According to Wayne LaPierre of the NRA, the gun violence in the USA is, to a great extent, caused by violent video games and films. He says "There exists in this country, a callous, corrupt and corrupting shadow industry that sells and sows violence against its own people."
He forgets that we live in a global village. The video game industry is international, or rather, multinational. Grand Theft Auto, which he specifically mentions, is Scottish in origin and is on the same list of the Ten Great British Designs as the Mini car. More important still is the fact that these games and also the violent films he mentions are equally popular throughout the world, but only the USA has such a rate of gun violence outside the world of organized crime. So does Mr. LaPierre think that for some reason Americans are more susceptible to the influence of fictional violence than other nations?

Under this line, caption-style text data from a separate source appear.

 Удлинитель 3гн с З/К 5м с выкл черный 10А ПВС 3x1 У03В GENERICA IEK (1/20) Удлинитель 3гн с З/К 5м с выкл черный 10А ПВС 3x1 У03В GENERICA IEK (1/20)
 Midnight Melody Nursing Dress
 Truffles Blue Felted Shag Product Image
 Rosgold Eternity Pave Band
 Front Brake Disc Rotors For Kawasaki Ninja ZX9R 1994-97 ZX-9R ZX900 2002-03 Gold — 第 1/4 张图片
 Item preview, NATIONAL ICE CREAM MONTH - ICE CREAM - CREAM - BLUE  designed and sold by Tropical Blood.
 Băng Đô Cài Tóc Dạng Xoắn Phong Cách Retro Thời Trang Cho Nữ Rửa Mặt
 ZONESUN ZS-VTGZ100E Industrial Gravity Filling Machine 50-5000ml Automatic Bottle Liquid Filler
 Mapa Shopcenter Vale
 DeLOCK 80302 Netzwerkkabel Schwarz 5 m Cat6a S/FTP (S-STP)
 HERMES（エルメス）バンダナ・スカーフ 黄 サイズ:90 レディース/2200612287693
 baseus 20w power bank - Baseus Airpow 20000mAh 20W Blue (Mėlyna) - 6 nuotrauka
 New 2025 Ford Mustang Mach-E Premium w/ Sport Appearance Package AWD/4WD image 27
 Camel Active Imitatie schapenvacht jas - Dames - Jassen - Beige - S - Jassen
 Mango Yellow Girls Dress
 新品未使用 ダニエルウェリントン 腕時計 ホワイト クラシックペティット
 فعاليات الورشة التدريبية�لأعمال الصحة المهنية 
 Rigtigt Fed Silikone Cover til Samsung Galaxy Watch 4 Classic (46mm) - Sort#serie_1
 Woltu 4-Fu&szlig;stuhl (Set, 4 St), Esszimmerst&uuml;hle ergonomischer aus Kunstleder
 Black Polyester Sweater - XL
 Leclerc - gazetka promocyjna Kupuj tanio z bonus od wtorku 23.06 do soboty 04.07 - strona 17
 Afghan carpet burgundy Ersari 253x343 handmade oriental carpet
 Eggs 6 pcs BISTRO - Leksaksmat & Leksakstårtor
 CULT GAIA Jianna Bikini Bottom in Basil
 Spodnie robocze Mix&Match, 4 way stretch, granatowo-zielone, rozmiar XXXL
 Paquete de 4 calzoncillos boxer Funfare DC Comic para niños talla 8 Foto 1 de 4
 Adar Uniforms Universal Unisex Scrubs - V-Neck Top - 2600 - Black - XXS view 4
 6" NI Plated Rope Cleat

I live in Spain,where the gun laws are very restrictive and crimes involving guns are rare, and yet I have been fed up during the Christmas and Three Kings gift period with seemingly constant TV adverts for Call of Duty Black Ops and Hitman Absolution. Very recently a disturbed young man who is now in custody was arrested for planning to kill students at the local university (Universitat de Illes Balears). He had never been in trouble with the police, but after trying to buy guns legally without success, he had resorted to buying materials online to make bombs, at which point the police arrested him. It is almost certain that in this case the restrictive gun laws prevented a massacre, while in the USA he would have obtained guns with no problems, he had no criminal record and no psychiatric history.
Mr. LaPierre has actually shot himself in his own foot (Sorry, I couldn't help that!) by highlighting this issue of fictional violence that can be used to show that it is not virtual and fictional violence but access to guns in the real world that results in death and injury to innocent people.